— Provided material —

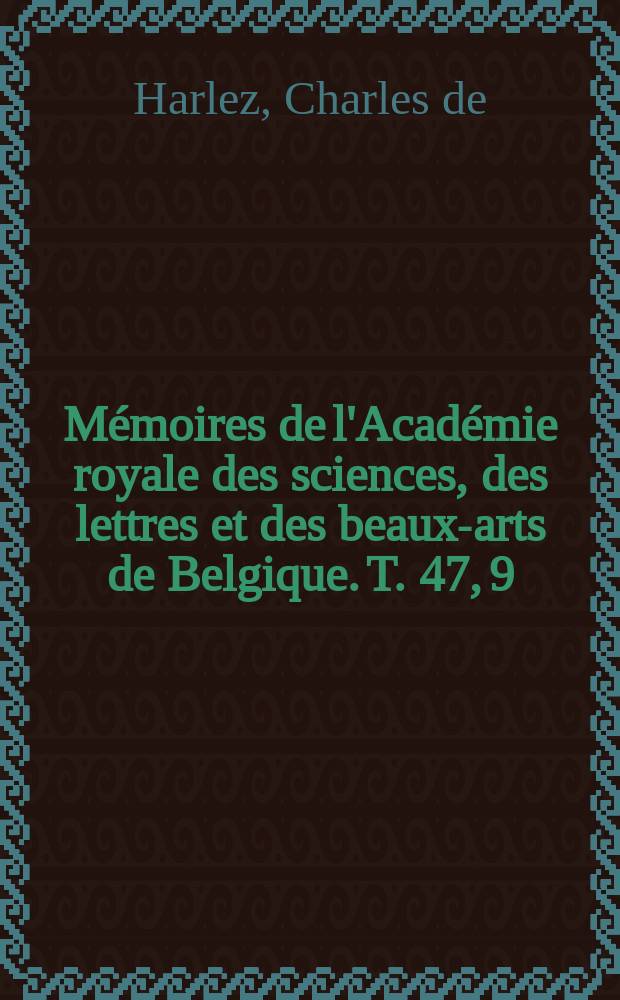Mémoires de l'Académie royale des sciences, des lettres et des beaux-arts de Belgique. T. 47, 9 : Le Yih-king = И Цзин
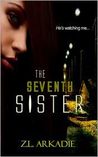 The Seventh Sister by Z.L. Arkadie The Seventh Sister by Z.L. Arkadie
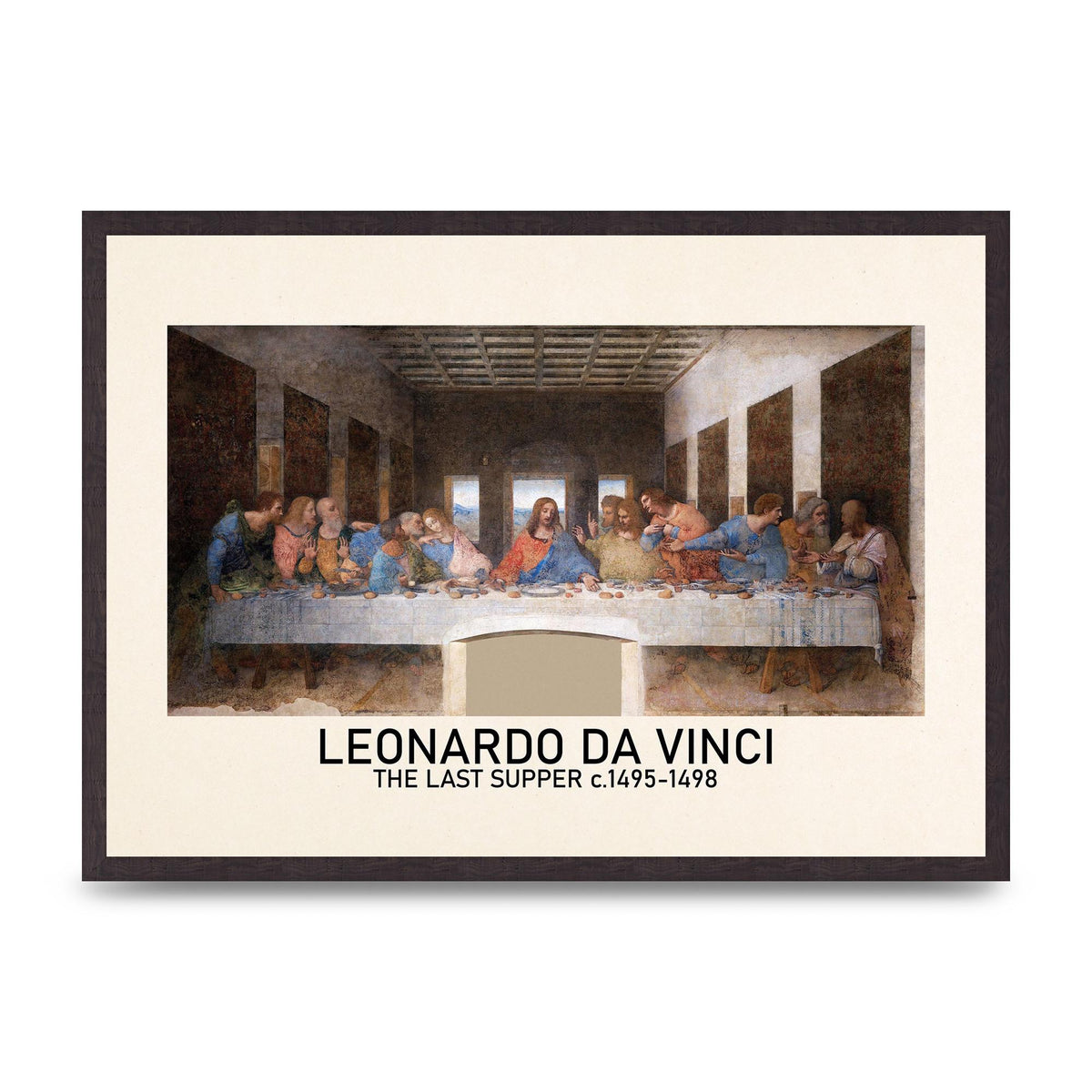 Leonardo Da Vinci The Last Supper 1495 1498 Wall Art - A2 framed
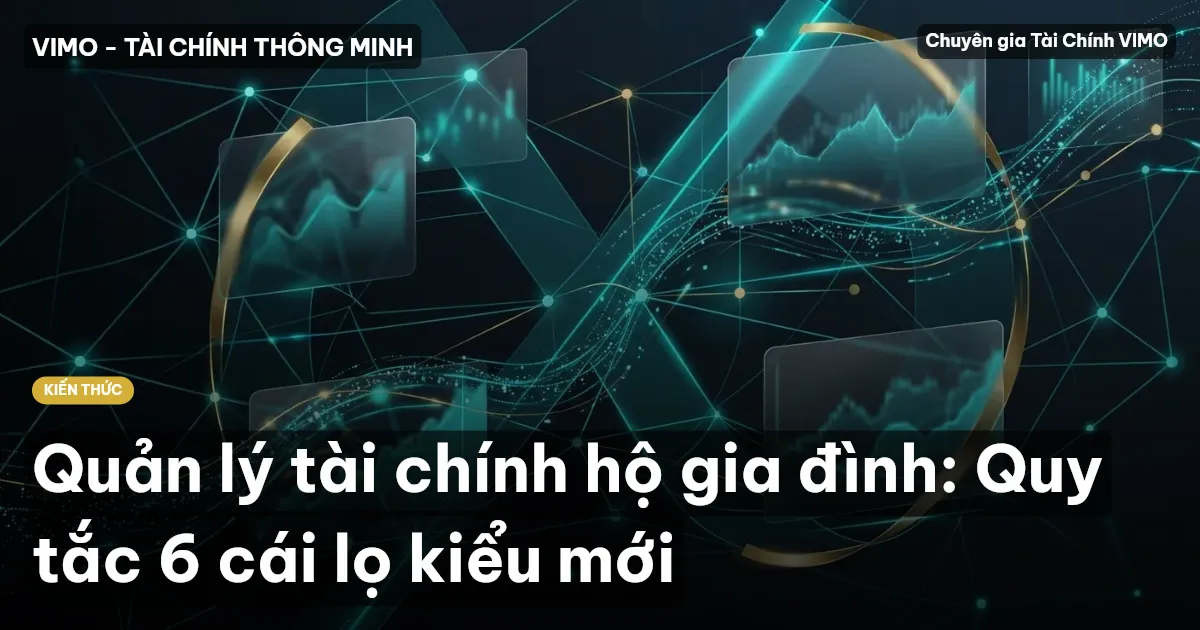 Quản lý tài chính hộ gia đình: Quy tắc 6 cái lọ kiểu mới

...

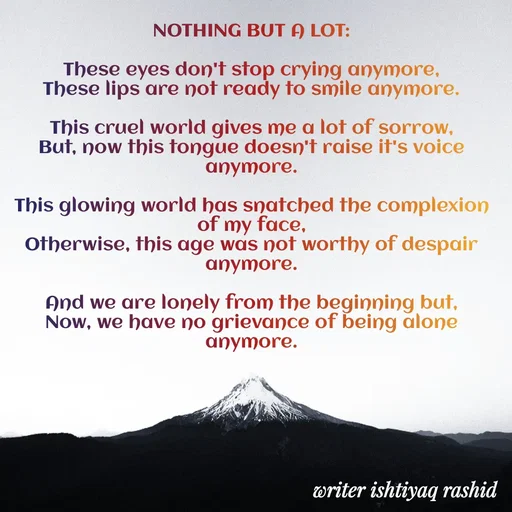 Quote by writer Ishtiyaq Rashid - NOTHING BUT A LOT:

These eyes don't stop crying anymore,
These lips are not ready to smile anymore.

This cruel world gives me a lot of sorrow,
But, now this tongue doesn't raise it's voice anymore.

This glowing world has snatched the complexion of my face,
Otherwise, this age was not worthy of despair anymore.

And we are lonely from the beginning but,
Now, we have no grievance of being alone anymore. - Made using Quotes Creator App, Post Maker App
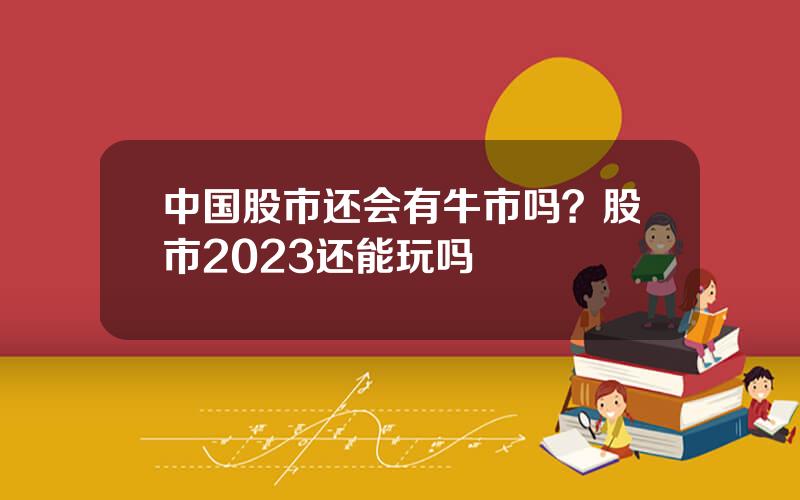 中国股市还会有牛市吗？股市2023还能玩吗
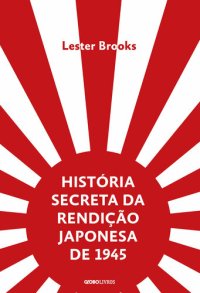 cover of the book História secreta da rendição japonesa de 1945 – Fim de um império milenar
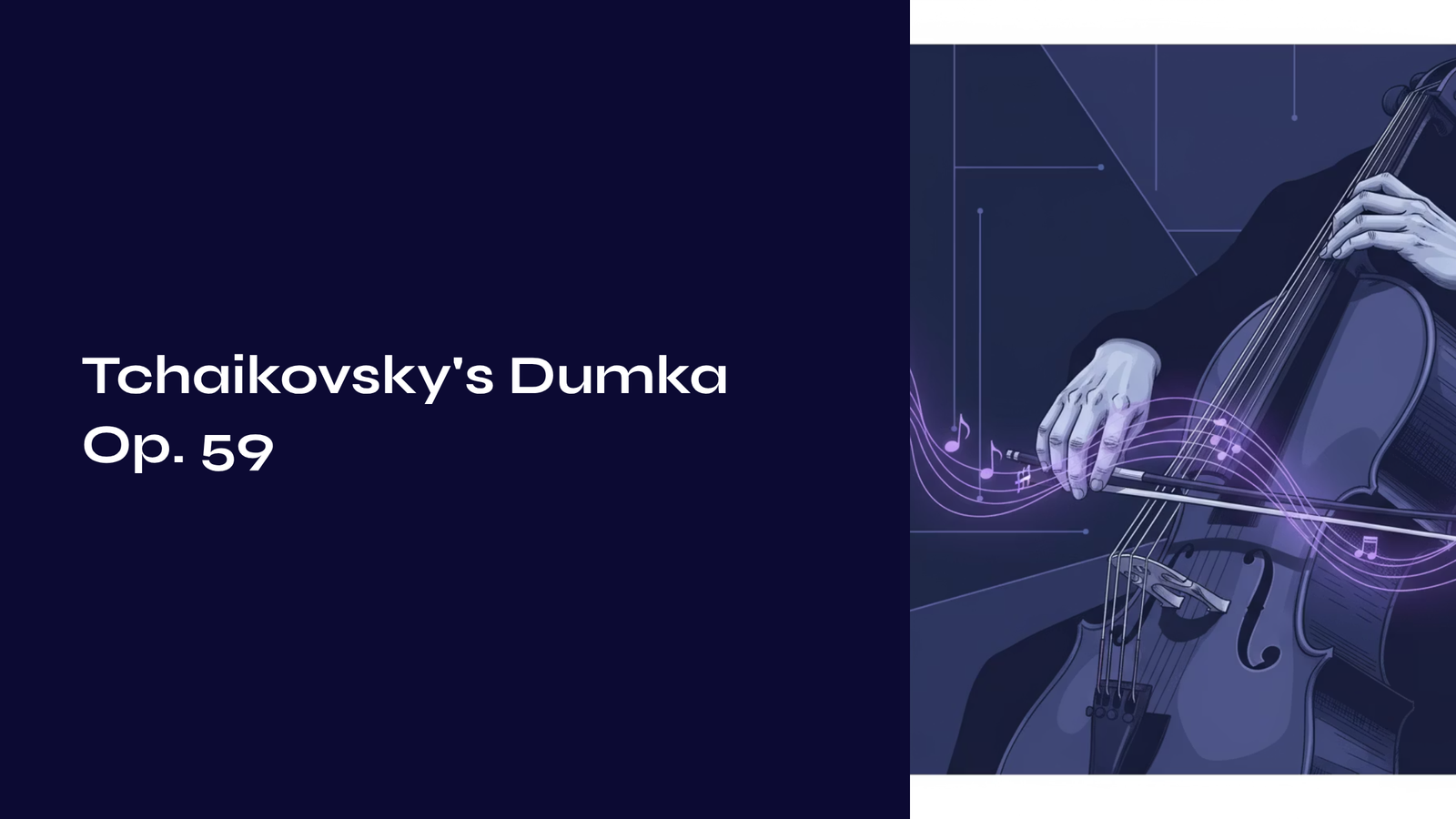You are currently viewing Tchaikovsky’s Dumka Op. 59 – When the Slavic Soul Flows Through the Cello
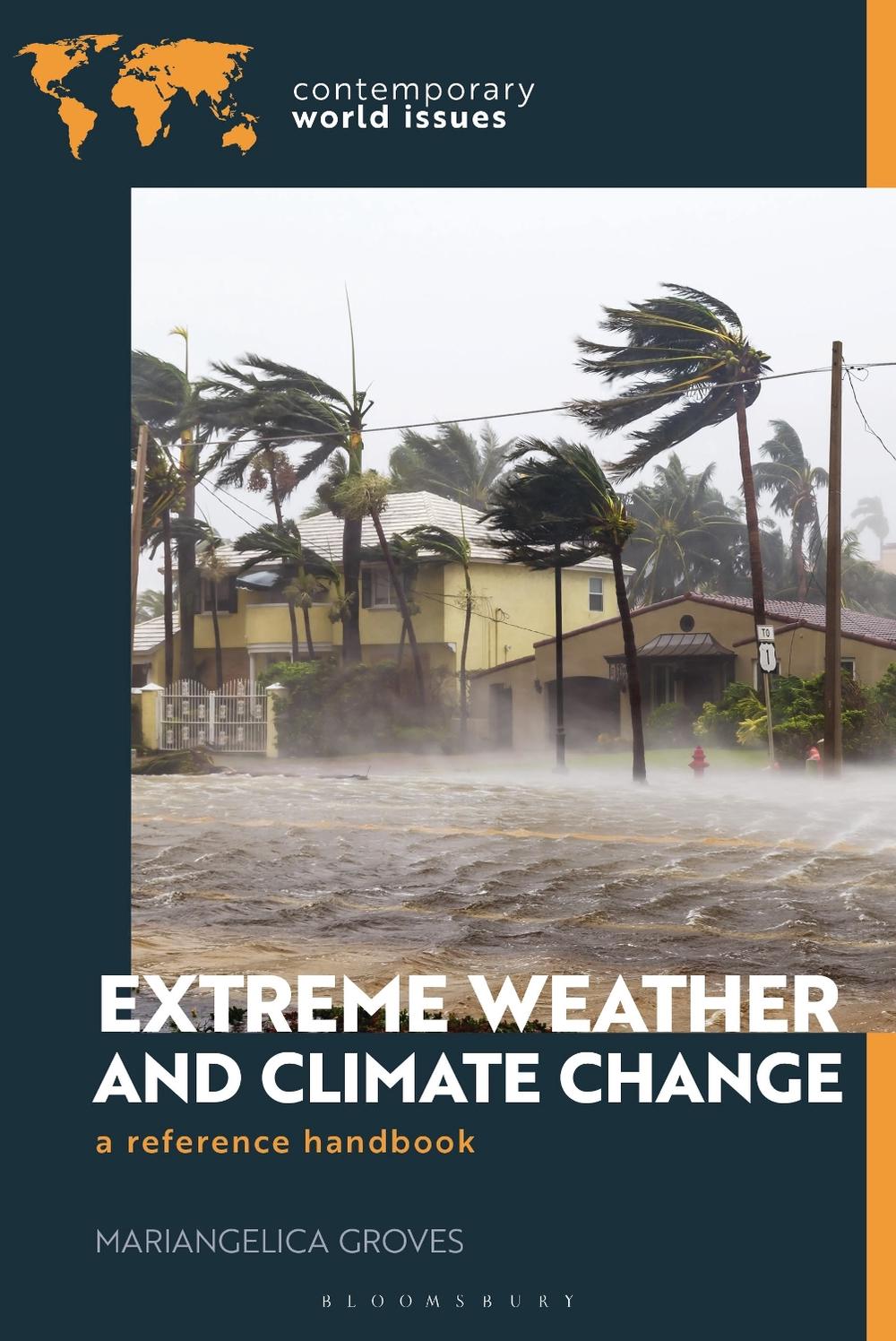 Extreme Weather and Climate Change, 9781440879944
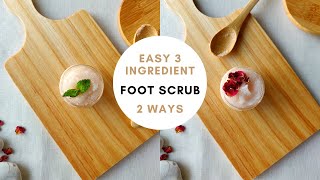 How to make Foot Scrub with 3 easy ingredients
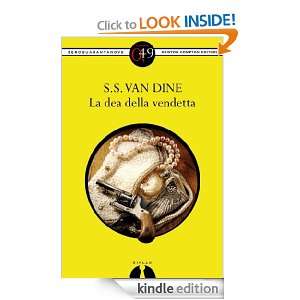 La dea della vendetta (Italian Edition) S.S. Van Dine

— Work task —
Copy word for word the lines of the records above from the one with "Mémoires de l'Académie" up to and including the one with "Quản lý tài". Skip the pictures.

— The completed task —
Mémoires de l'Académie royale des sciences, des lettres et des beaux-arts de Belgique. T. 47, 9 : Le Yih-king = И Цзин
 The Seventh Sister by Z.L. Arkadie The Seventh Sister by Z.L. Arkadie
 Leonardo Da Vinci The Last Supper 1495 1498 Wall Art - A2 framed
 Quản lý tài chính hộ gia đình: Quy tắc 6 cái lọ kiểu mới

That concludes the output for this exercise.